Je ne sais pas. Avant de faire cette histoire,
je n’avais jamais lu ce genre de bouquin, mais j’avais quand même
vu la série avec De Funès. C’est sans doute le produit du processus
d’influences impossibles à lister évoqué plus haut. De fait, il
s’agit d’un cadre narratif très efficace, facile à emprunter pour
une première expérience.
La
trame de Démonax paraît se situer au début d’un vingtième siècle
imaginaire. Vous êtes vous servi de vos connaissances historiques,
vous êtes un spécialiste de la presse satirique du 19ème siècle
si je ne me trompe pas, pour la création de cette histoire ?

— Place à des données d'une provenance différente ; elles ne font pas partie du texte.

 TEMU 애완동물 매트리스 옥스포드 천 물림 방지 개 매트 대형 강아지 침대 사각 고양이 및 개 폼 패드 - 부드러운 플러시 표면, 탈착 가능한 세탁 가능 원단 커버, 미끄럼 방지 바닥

Je fais effectivement partie du club très
fermé des spécialistes de la presse satirique du XIXe siècle. Notre
organisation est si secrète que je n’ai pas le droit d’en parler
ni d’évoquer les informations historiques que je pourrais en retirer.
Des intérêts que vous n’imaginez pas sont en jeu.

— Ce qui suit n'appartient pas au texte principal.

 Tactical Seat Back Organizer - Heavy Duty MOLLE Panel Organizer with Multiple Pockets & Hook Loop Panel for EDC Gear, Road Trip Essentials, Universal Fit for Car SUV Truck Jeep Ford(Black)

Vous avez développé l’histoire sur un format atypique, plus de cent
pages d’un coup. Vous n’aviez pas envie d’un habituel album en 44
pages avec plusieurs volumes, une série classique quoi ?

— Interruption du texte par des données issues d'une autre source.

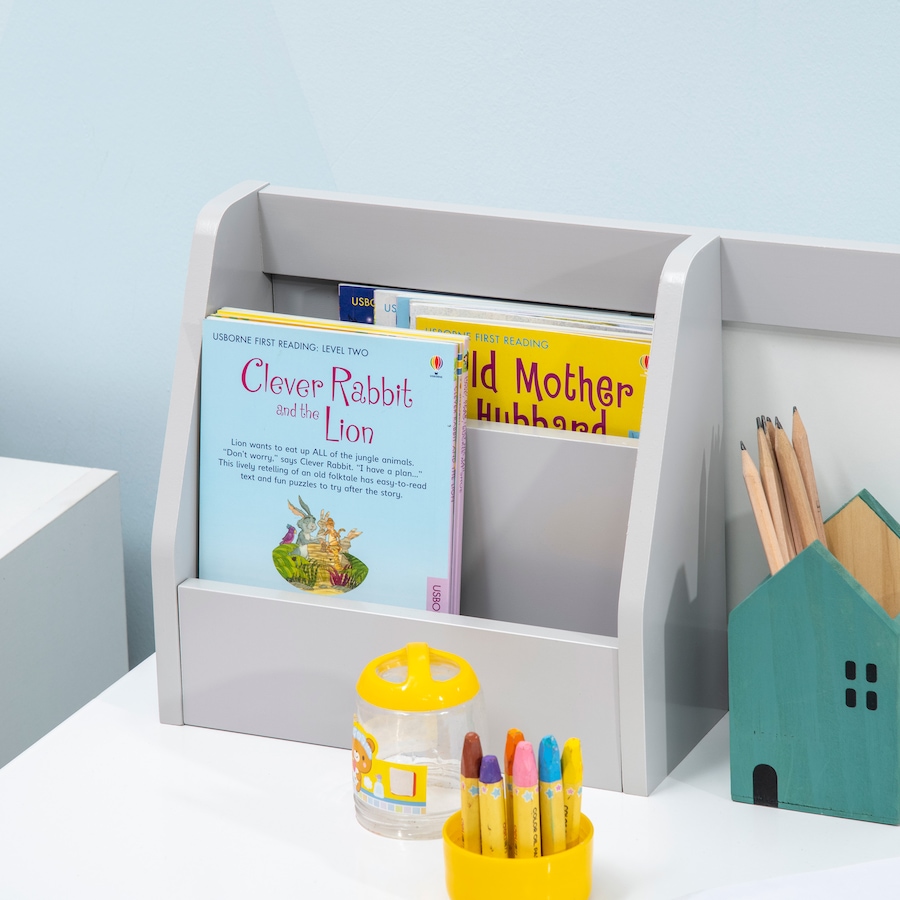 Image 976797_ALTMORE6.jpg, Product 976-797 / Price $139.99, Qaba 2Pcs Kids Desk and Chair Set with Whiteboard, Storage, Shelves, Grey from Qaba on TSC.ca's Home & Garden department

Le fait d’écrire un scénario d’une manière
un peu théorique est quelque chose de très compliqué. Pour surmonter
ce problème, à l’exemple de Hergé dans Tintin au pays des soviets
ou plus récemment de Lewis Trondheim et de son Lapinot, je me suis
lancé dans cette histoire directement au dessin, page par page,
avec en tête seulement le profil des principaux personnages. L’histoire
s’est donc construite au fur et à mesure : à partir de la situation
de départ, tout s’est enchaîné de manière assez naturelle et finalement
les réactions des personnages s’imposaient d’elles-mêmes. C’est
d’ailleurs un phénomène plutôt singulier. Je me suis donc arrêté
quand la chaîne des événements liée à la situation de départ s’est
épuisée.
Que
s’est-il passé entre Fluide Glacial en 1995 et Démonax en 2006 au
niveau bande dessinée ?
Rien au niveau bande dessinée.
Mais tellement de choses dans d’autres domaines.
Et
après Démonax, quel sera votre prochain projet dans le monde de
la BD ?
J’ai deux projets en cours. Je ne sais
pas s’ils aboutiront.
Démonax
est en noir et blanc ce qui lui va très bien. S’agit-il de votre
technique de prédilection ou envisagez vous des BD en couleurs ?
Il me semble que la technique utilisée
doit être au service de l’esprit qui se dégage de l’histoire. Ce
n’est pas un scoop, mais il faut bien reconnaître que ce n’est pas
non plus une condition faisant l’objet de toutes les attentions
dans la bande dessinée. Bon nombre d’albums sont coloriés pour mieux
présenter, avoir une meilleure visibilité. Ce n’est pas un mauvais
calcul, commercialement parlant : si vous saviez combien de gens
m’ont fait remarquer que mon album n’avait pas l’air fini sans couleurs.
C’est vrai aussi que dans beaucoup de cas, ça n’a pas vraiment d’importance.
Mais dans Démonax, il me semble que le noir et blanc et l’utilisation
raisonnée de graphismes participent à créer une ambiance. Ce n’est
donc pas un choix par défaut. Pour d’autres projets, j’espère bien
me servir d’autres ressources, dont la couleur bien sûr.